RE: google sitemaps and some history of sitemaps [siteData-36] from Dare Obasanjo on 2005-06-08 (www-tag@w3.org from June 2005)

From: Dare Obasanjo <dareo@microsoft.com>
Date: Wed, 8 Jun 2005 09:46:52 -0700
To: "Dan Connolly" <connolly@w3.org>, <www-tag@w3.org>
Message-ID: <830178CE7378FC40BC6F1DDADCFDD1D104D0CCA3@RED-MSG-31.redmond.corp.microsoft.com>

Google Sitemaps also supports RSS and Atom 0.3 so they did consider supporting other syndication formats[0]. According to Greg Stein[1]  they wanted a format that could scale to supporting millions of URLs which he implied the XML syndication formats like the various flavors of RSS and Atom could not. 
 
[0] http://www.google.com/webmasters/sitemaps/docs/en/faq.html#s8
[1] http://www.imc.org/atom-syntax/mail-archive/msg15904.html,
 
-- 
PITHY WORDS OF WISDOM
A meeting is an event at which the minutes are kept and the hours are lost. 

________________________________

From: www-tag-request@w3.org on behalf of Dan Connolly
Sent: Wed 6/8/2005 9:17 AM
To: www-tag@w3.org
Subject: google sitemaps and some history of sitemaps [siteData-36]




So a few days ago, this crossed my desktop from umpteen sources...

"Google Sitemaps is an experiment in web crawling. Using Sitemaps to
inform and direct our crawlers, we hope to expand our coverage of the
web and improve the time to inclusion in our index."
 -- https://www.google.com/webmasters/sitemaps/docs/en/about.html

It's clearly relevant to issue siteData-36
http://www.w3.org/2001/tag/issues.html?type=1#siteData-36


It seems very ironic, to me; W3C held a workshop a while ago...
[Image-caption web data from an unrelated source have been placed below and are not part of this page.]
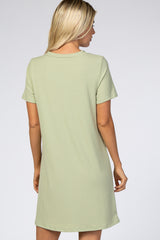 Mint Green Ribbed V-Neck Short Sleeve Dress
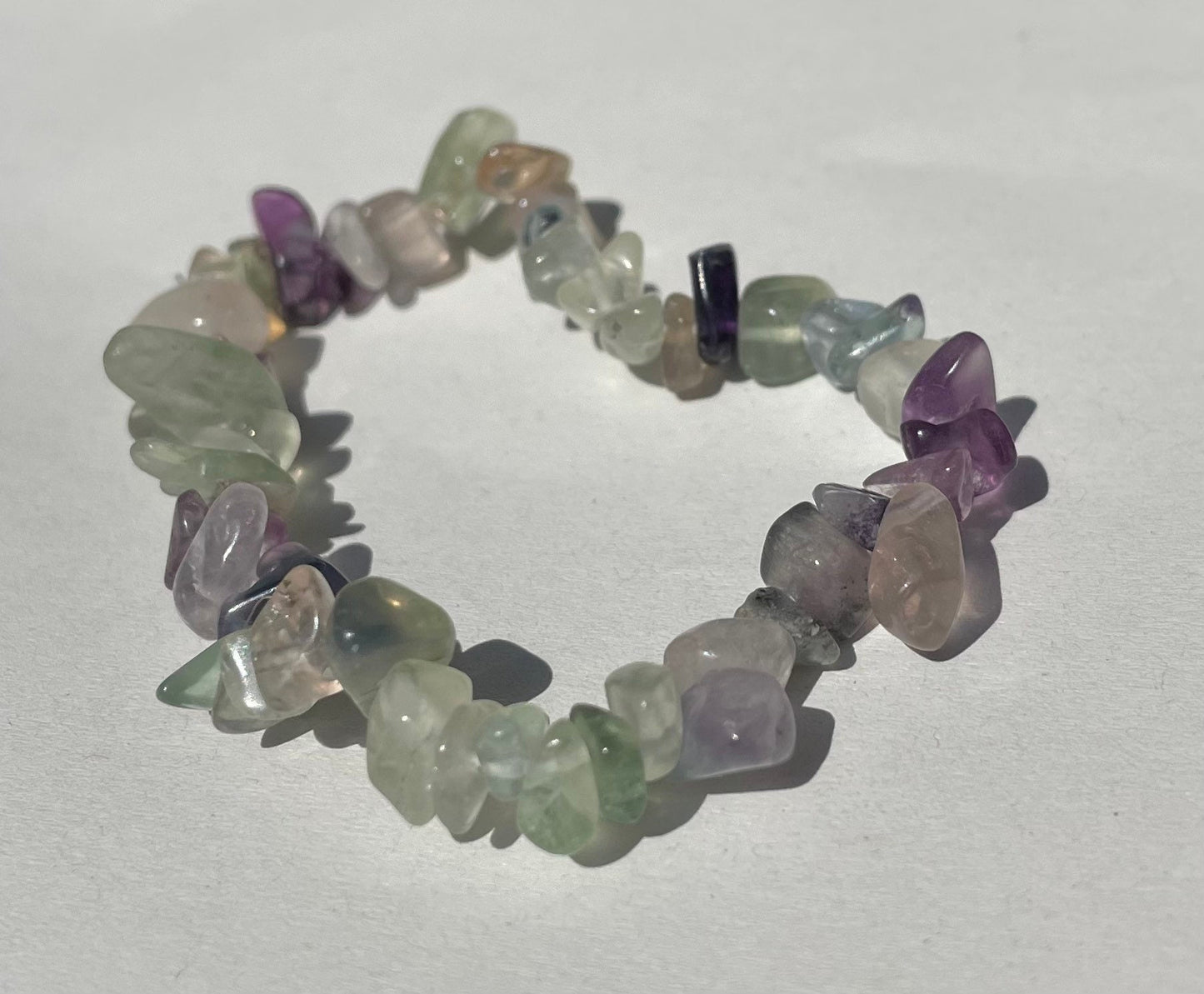 Fluorite chip bracelet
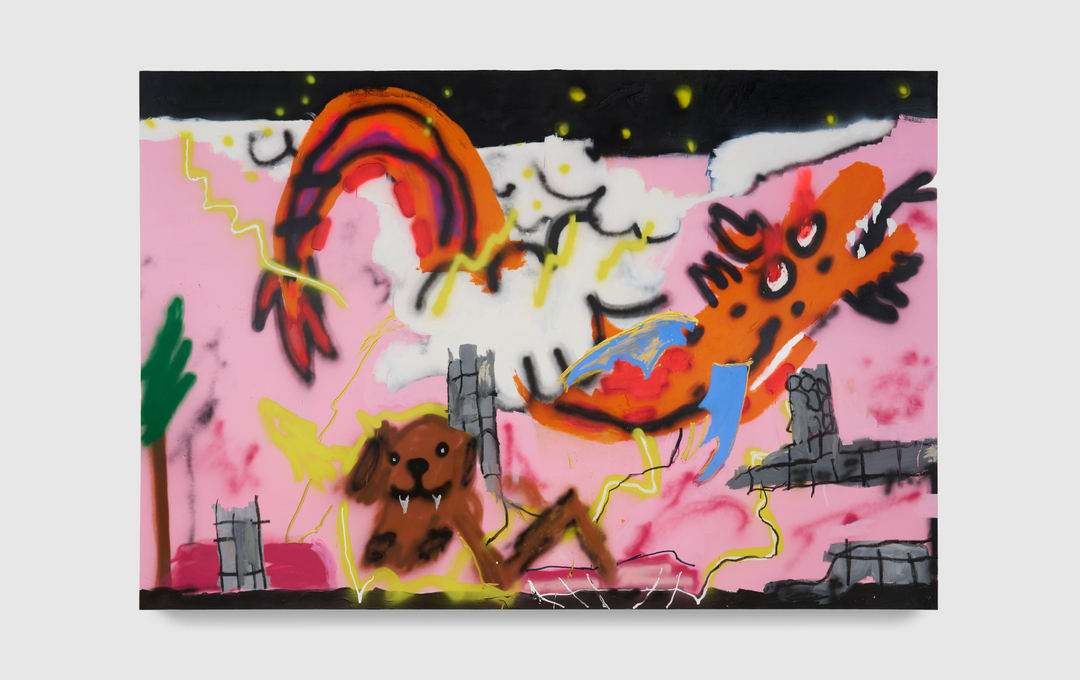 A painting by Robert Nava of a brown dog with fangs in a cityscape with an orange dragon flying across a pink sky.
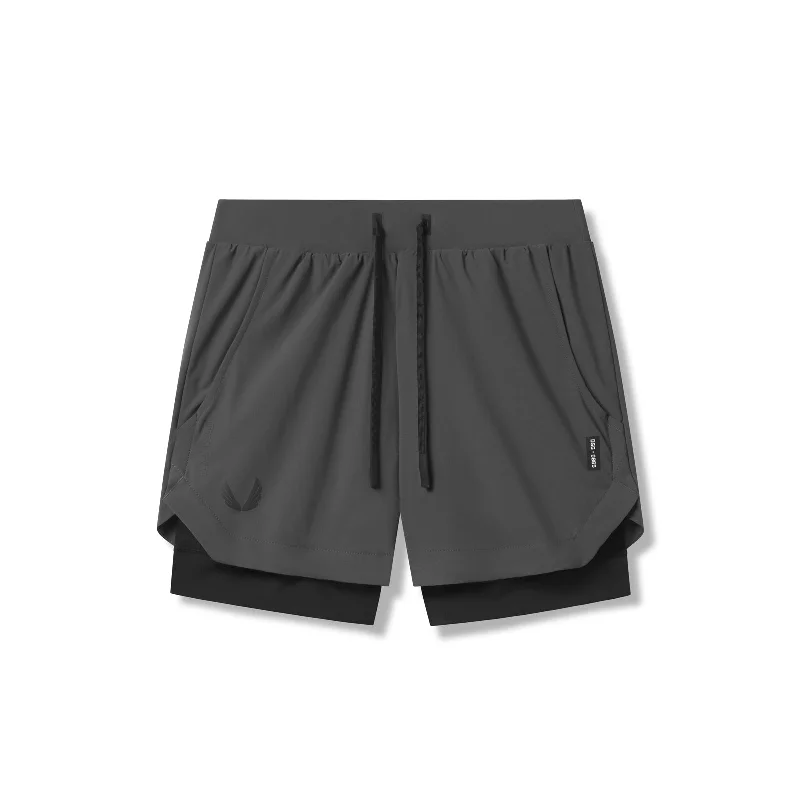 Designer Style 0865. Tetra-Lite® 5" Liner Short - Space Grey "Wings"/Black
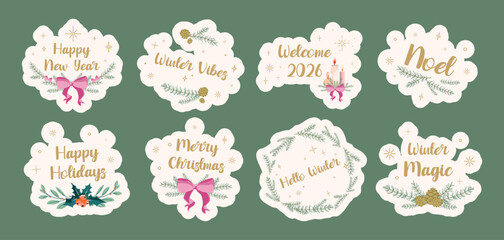 Christmas and New Year Sticker Labels set with Winter Floral Decor. Winter Sticker Set with Greetings and Seasonal Greenery for Christmas cards, New Year greetings, gift tags, packaging, print. Vector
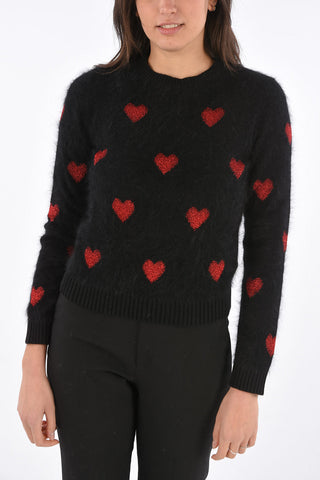 maglia fuzzy con Cuori Ricamati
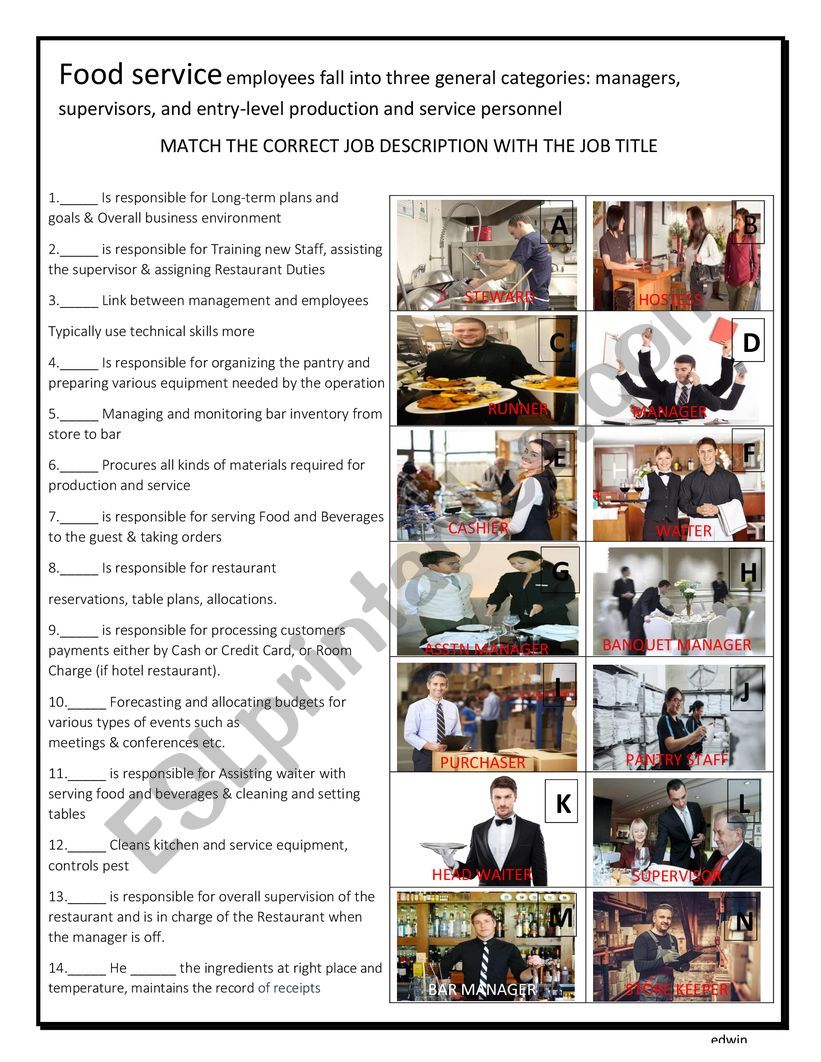 Hospitality Job Description ESL Worksheet By Bambermoran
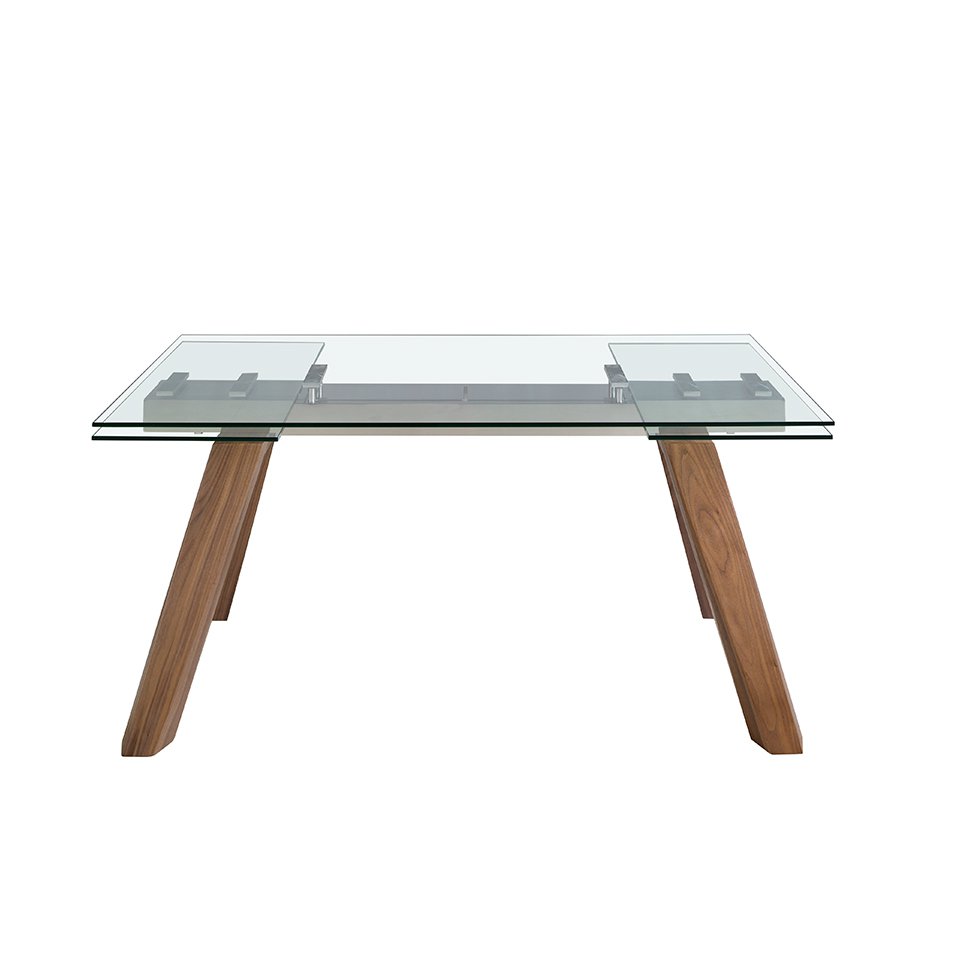 Extendable rectangular tempered glass dining table 1123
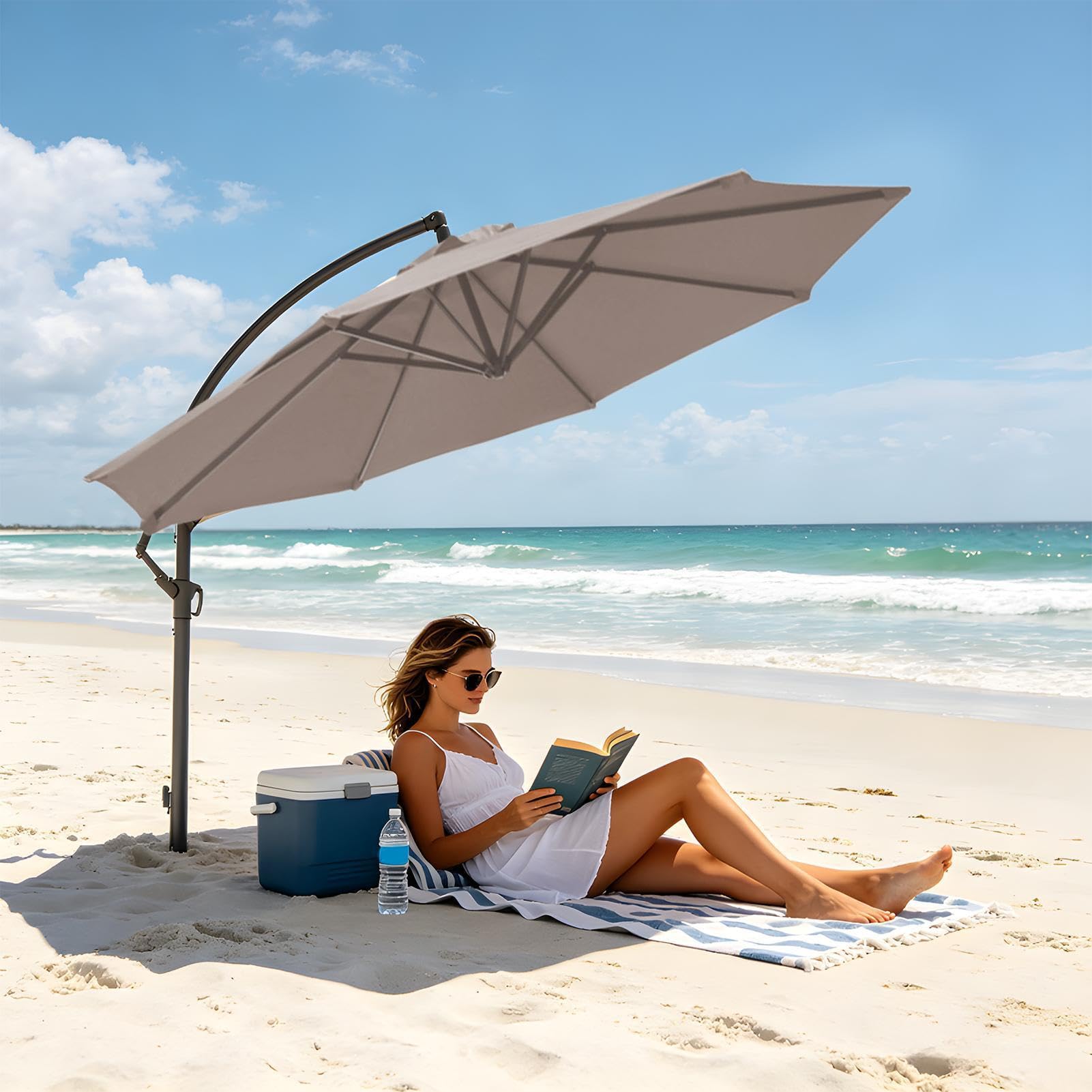Przesunięte parasole tarasowe na wsporniku – ochrona przed promieniowaniem UV, wodoodporne, łatwe przechylanie i korba, parasol na wsporniku tarasowym przy basenie, na plażę, do parku, na dziedziniec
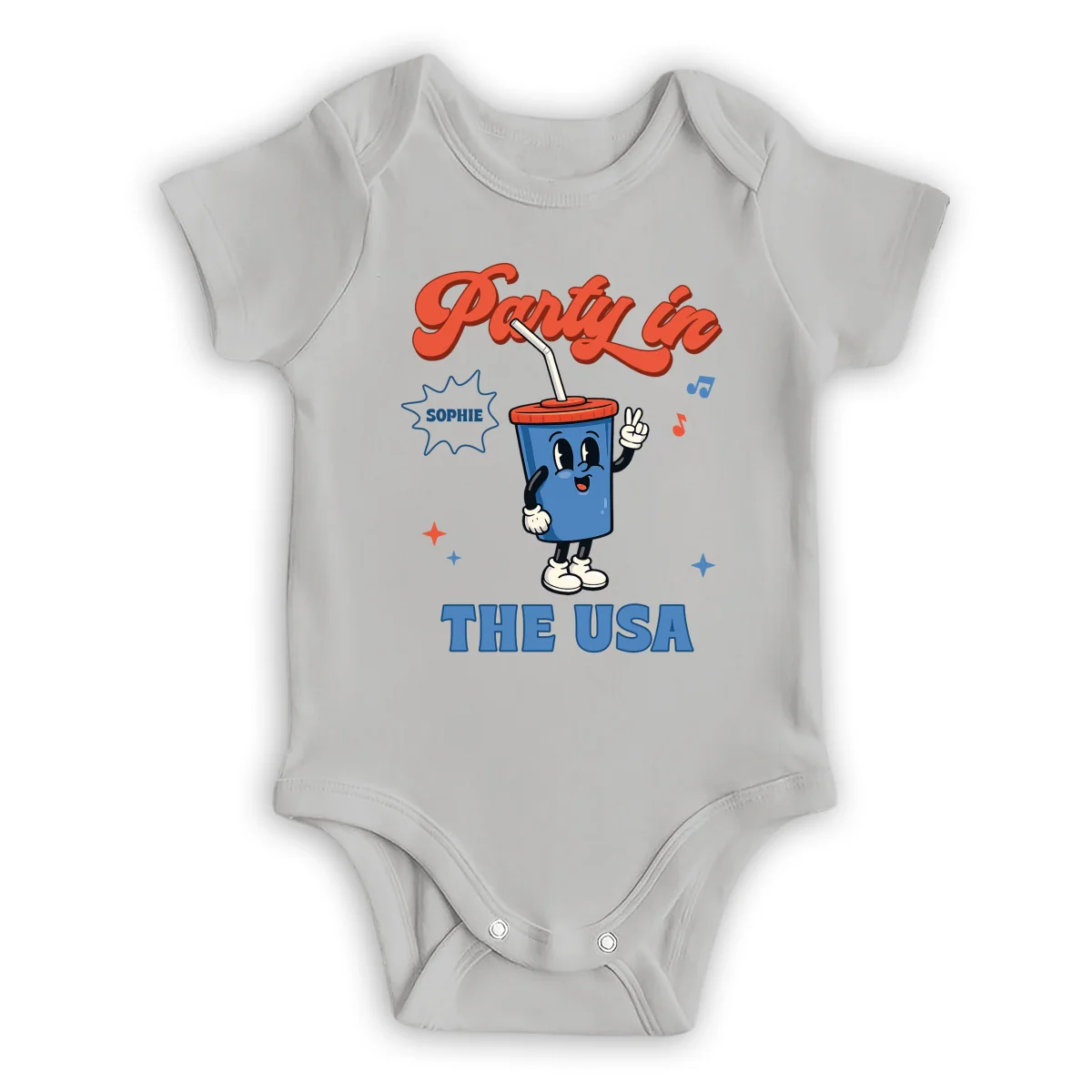 Party In USA - Personalized Custom Baby Onesie - Image 7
 Distributed Indexing/Searching Workshop
 May 28-19, 1996 in Cambridge, Massachusetts
 http://www.w3.org/Search/9605-Indexing-Workshop/

Going into that workshop, my sense was that we needed
a simple format for sites to summarize their contents so
that search engines wouldn't have to crawl the whole thing
to figure out what's there. There was a whole session
on this idea...

"The third breakout/writeup session focused on mechanisms to allow
information servers to notify indexers when content changes."
 -- http://www.w3.org/Search/9605-Indexing-Workshop/ExecSummary.html

What I learned at the workshop was: search engines don't care
what you think is interesting about your site; they have their
own idea about what's interesting, mostly based on links from
other parts of the web. They don't crawl your whole site
just because it's there; they focus on pages that have lots of
incoming links and such.

So now to see google making use of a sitemap format 10 years
later kinda blows my mind.

Note that RSS once stood for Rich Site Summary... interesting...
according to Robin Cover, it still does:
  http://www.oasis-open.org/cover/rss.html

I wonder if google considered something RDF-based like RSS
and decided against it or if they just didn't think about it.

--
Dan Connolly, W3C http://www.w3.org/People/Connolly/
D3C2 887B 0F92 6005 C541  0875 0F91 96DE 6E52 C29E

Received on Wednesday, 8 June 2005 16:47:02 UTC